Leakage and Diffusion Characteristics of Underground Hydrogen Pipeline
Abstract
Soil corrosion and hydrogen embrittlement are the main factors of hydrogen pipeline failure. The gas escapes, diffuses and accumulating in the soil and entering the atmosphere when leak occurs. The mechanism of gas diffusion in buried pipelines is very complicated. Mastering the evolution law of hydrogen leakage diffusion is conducive to quickly locating the leakage point and reducing the loss. The leakage model of the underground hydrogen pipeline is established in this paper. Effect of leakage hole, soil type, pipeline pressure, pipeline diameter on hydrogen leakage diffusion were investigated.

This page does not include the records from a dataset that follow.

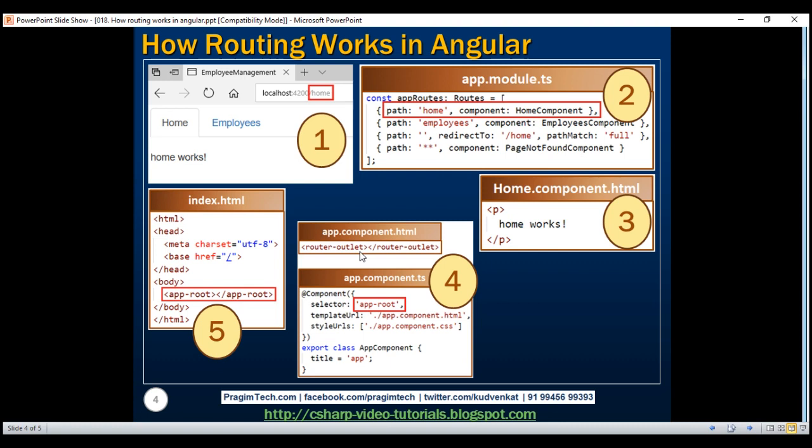So this is how the home component is displayed. Now when we click on the employees link, steps one to five happen in the order specified and the home component view template is replaced with the employees component view template. Hope you are now able to connect all the dots and have a good understanding of all the small steps of implementing routing in an Angular application.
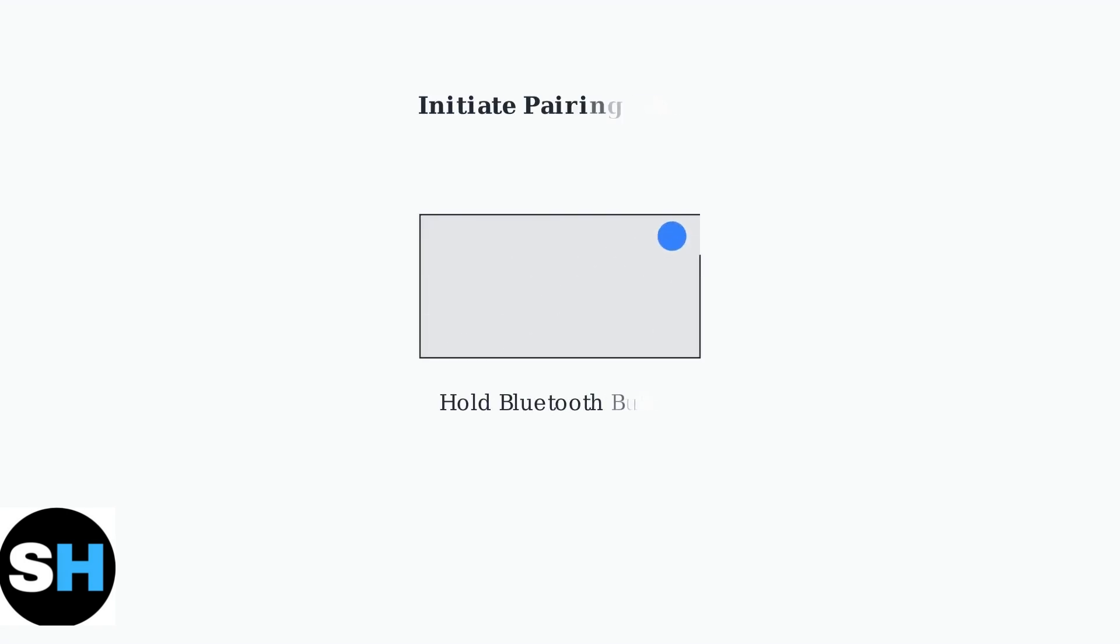Press and hold the Bluetooth button on the keyboard until the indicator light flashes. If your keyboard doesn't have a dedicated Bluetooth button, you may need to use the USB dongle method instead.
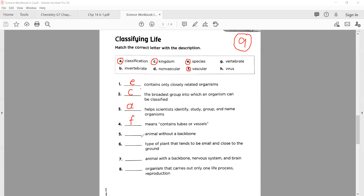Number five: animal without a backbone. The correct answer is 'invertebrate' — animals without a backbone.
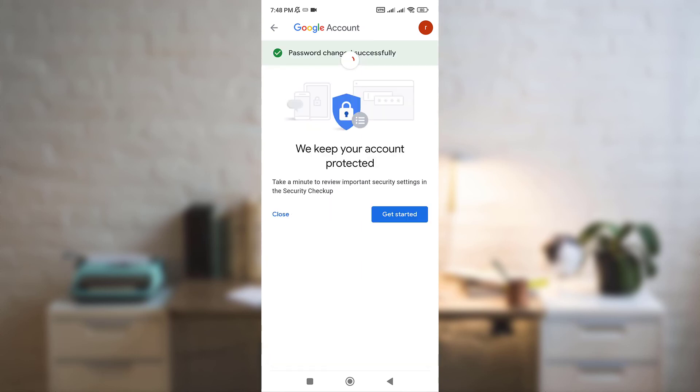And there you go, your password has changed. And if you have any problem with this process, don't hesitate to comment below.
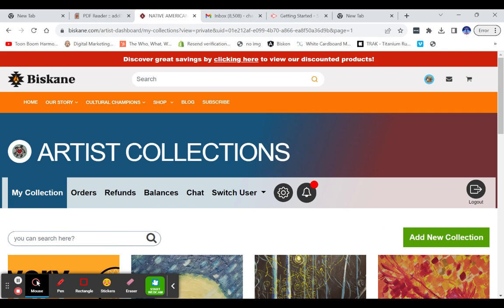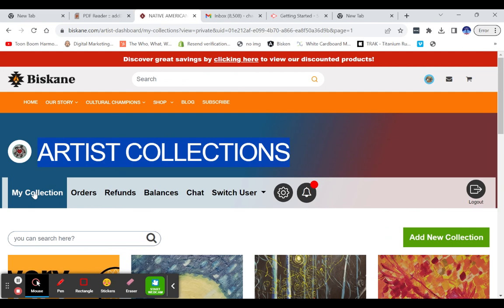Good afternoon. So I was asked to show and share how to add an image to your Biscayne artist profile. When you first sign into the Biscayne artist profile, you will land on your artist collections page, and you'll be starting on my collection.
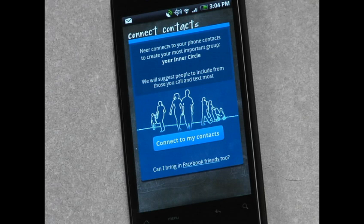Hi there. Have you ever wanted to share your location, but not with everyone — just the people you really care about? Well, that's why we built Near. And I'm going to take a minute to show you how to get it all set up.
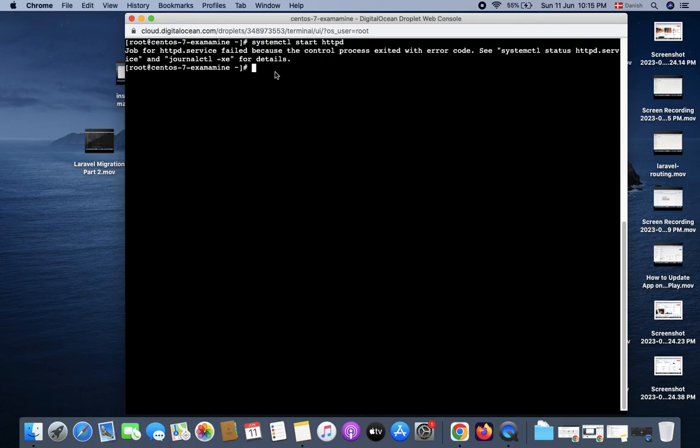for SELinux. It's not allowing the Apache server to start. Let's see how we can fix this problem.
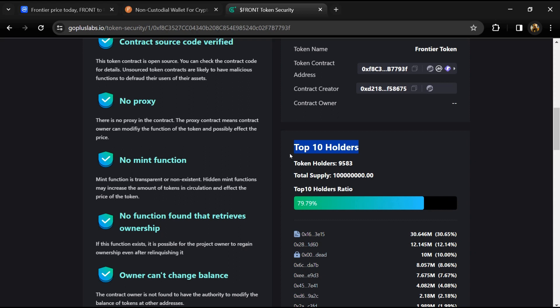Top 10 holders liquidity percentage is 79%. This project has around 9,000 token holders and the total supply is 100 million Frontier tokens.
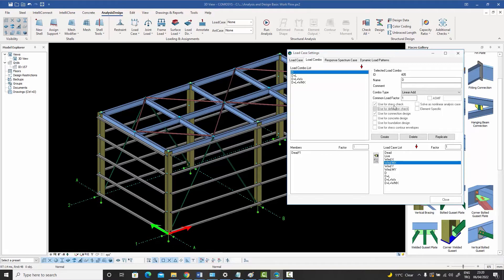Similarly, you can use any combo for connection design, which may be a different set of combos. Since the software also does detailing and member connection design checks, it needs to know which combo to use. You can also select combos for concrete design, foundation design, and stress contour envelopes displayed on screen.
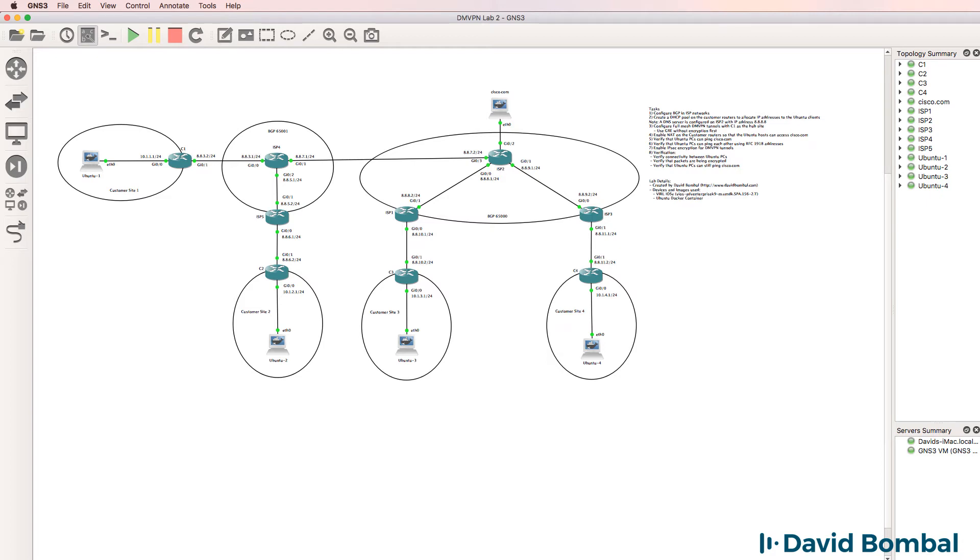In this GNS3 topology, you need to configure both DMVPNs as well as BGP.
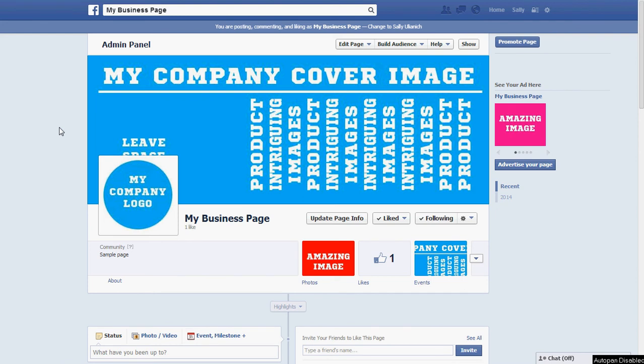In this video I'm going to show you how to schedule a post on a Facebook page and then how to review what you have scheduled for that page.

The results show that when the hydrogen pipeline leaks, the hydrogen concentration increases with the increase of leakage time, showing a symmetrical distribution trend. With the pipeline pressure increase, hydrogen leakage speed is accelerated, and longitudinal diffusion gradually becomes the dominant direction. With the leakage diameter increases, hydrogen leakage per unit of time increases sharply. Hydrogen diffuses more easily in sandy soil, and diffusion speed, concentration, and range are higher than that in clay soil. The research content provides a reference and basis for the detection and evaluation of buried hydrogen pipeline leakage.